911 dispatch tapes from Saturday’s fatal cougar attack show a distraught survivor worried about his friend, and passers-by who stopped and tried to help.

Share story

Nearly 30 minutes of 911 emergency calls released Tuesday detail in real time the drama of last Saturday’s fatal cougar attack in the Cascade Mountain foothills.

The first call for help to the King County Sheriff’s Office, at 10:42 a.m., came from Isaac Sederbaum, a 31-year-old Seattle man, his ear mangled and his head, face and neck bloodied after being jumped by the big cat. Sederbaum had ridden his bicycle down a gravel logging road, looking for cellphone coverage.

The call gets through for a second, just enough to register with the dispatcher, then drops. Five minutes later, Sederbaum tries again. Again, it lasts only a second.

Then, at 10:54, a call lasts long enough for the dispatcher to hear wind in the background and one scream: “Help!” Then that call is also lost.

Sederbaum had fled down the mountain trying to find help for his riding companion, S.J. Brooks, 32, of Seattle, after the cougar had ended its attack on him and gone after Brooks.

Listen | 911 audio from fatal cougar attack near Snoqualmie

Brooks was found dead beneath a log, dragged there by the cat. First responders said the cat was on Brooks’ body when they arrived. The exact time of the medics’ arrival was not immediately available.

The animal, a 3-year-old male that an official called “emaciated,” was treed and shot by wildlife officers and their dogs. Its carcass was sent to Washington State University for necropsy.

Sederbaum, who underwent surgery for lacerations and wounds to his head and face, was released from Harborview Medical Center on Tuesday.

“Middle of nowhere”

When the injured Sederbaum finally gets through to 911 dispatch Saturday morning, all he knows is that both he and Brooks need help. They are isolated — “kind of in the middle of nowhere,” is how the dispatcher put it — and Sederbaum is scared.

The 911 dispatcher who took the call transfers it to NORCOM, the emergency service for Northeast King County.

“He says him and his friend were attacked by a mountain lion. I’m trying to figure out where they’re at,” one dispatcher tells another on the tape. Another tries to calm the distraught Sederbaum.

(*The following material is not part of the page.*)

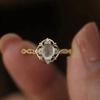 Anillo de Diseño Nicho de Lujo Europeo y Americano Cao Shi Anillo de Moda de Alto Sentido Anillo Elegante de Ojo de Gato con Piedra Lunar de Imitación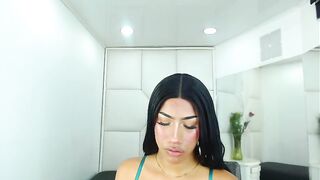 KylieJenner_01 - [Trannies Stripchat] rimming cam2cam orgasm outdoor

“Sir, sir.” She’s calmly emphatic.

Sederbaum, the stress obvious in his voice, replies, “I’m on a logging road north of North Bend.”

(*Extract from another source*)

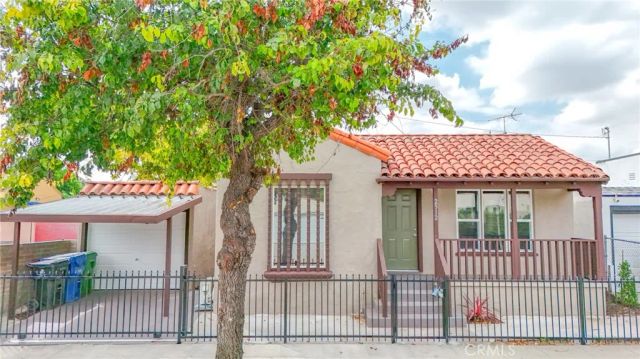 2512 W 60th Street, Los Angeles, CA 90043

Over the next nearly half-hour, dispatchers repeatedly try to establish Sederbaum’s whereabouts, first by asking him to search for landmarks or signs, then by attempting to obtain a GPS location by pinging his cellphone.

Help first arrives in the form of a couple in a vehicle that Sederbaum flags down.

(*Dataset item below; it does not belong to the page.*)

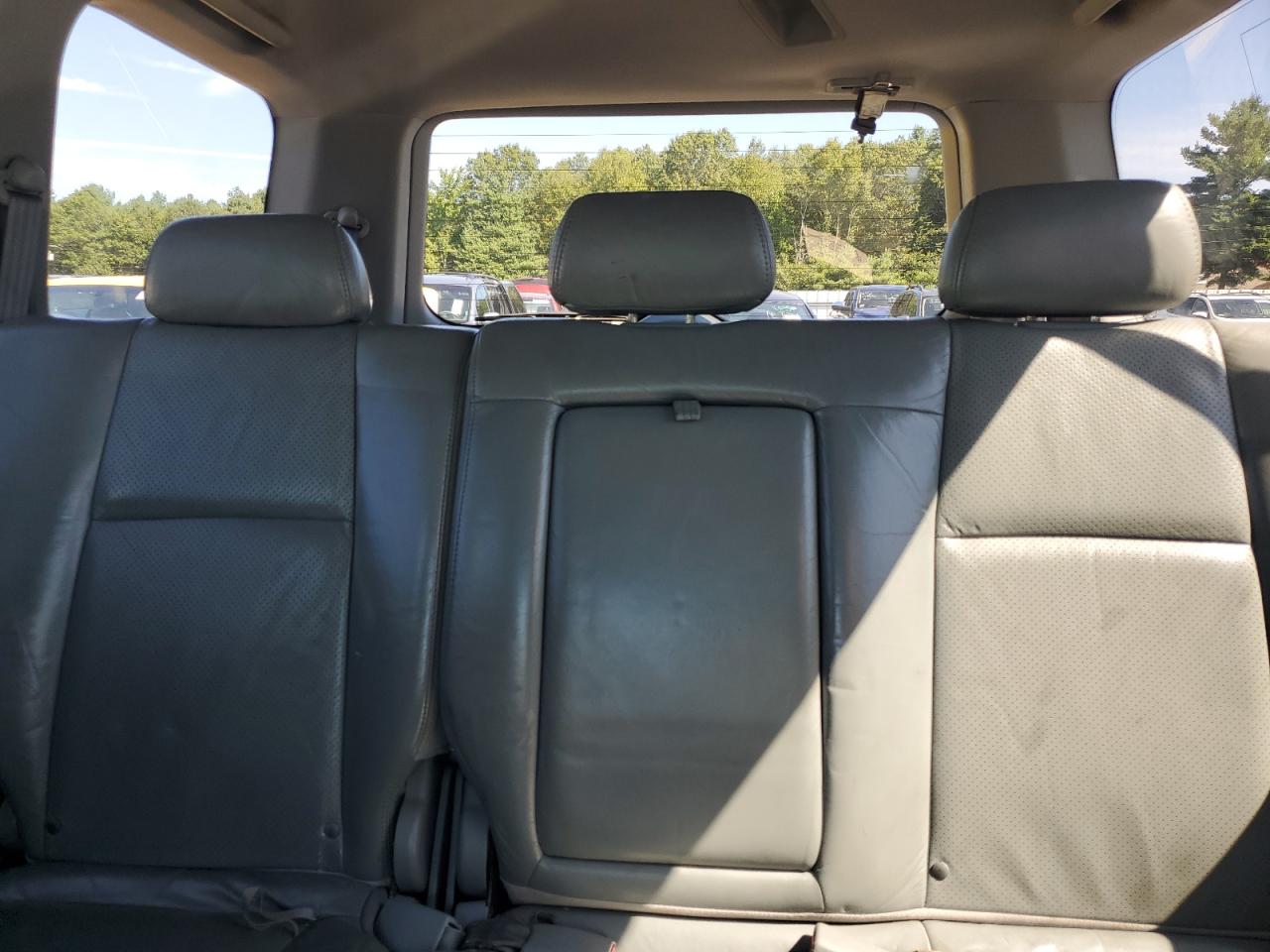 2003 Honda Pilot Exl VIN: 2HKYF18673H570777 Lot: 67956985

“Can you talk to 911?” Sederbaum can be heard asking them on the 911 recording. “I got attacked by a mountain lion. My friend is up there …”

A few seconds later, a woman comes on the line. The dispatcher keeps trying to figure out where to send the medics. It’s not easy.

“Do you know North Bend at all?” the woman says. “I’m trying to get it on map. Hold on.”

She says, “We just came upon him on the road. So can you send someone out?”

The dispatcher says, “Ma’am, help has already been sent. We’re just trying to tell them how to get there the quickest way.”

A truck arrives — this one with a man named Matt and his companion, Meaghan, who he says is a registered nurse. They stop to help Sederbaum. Matt and the dispatcher pick up the conversation.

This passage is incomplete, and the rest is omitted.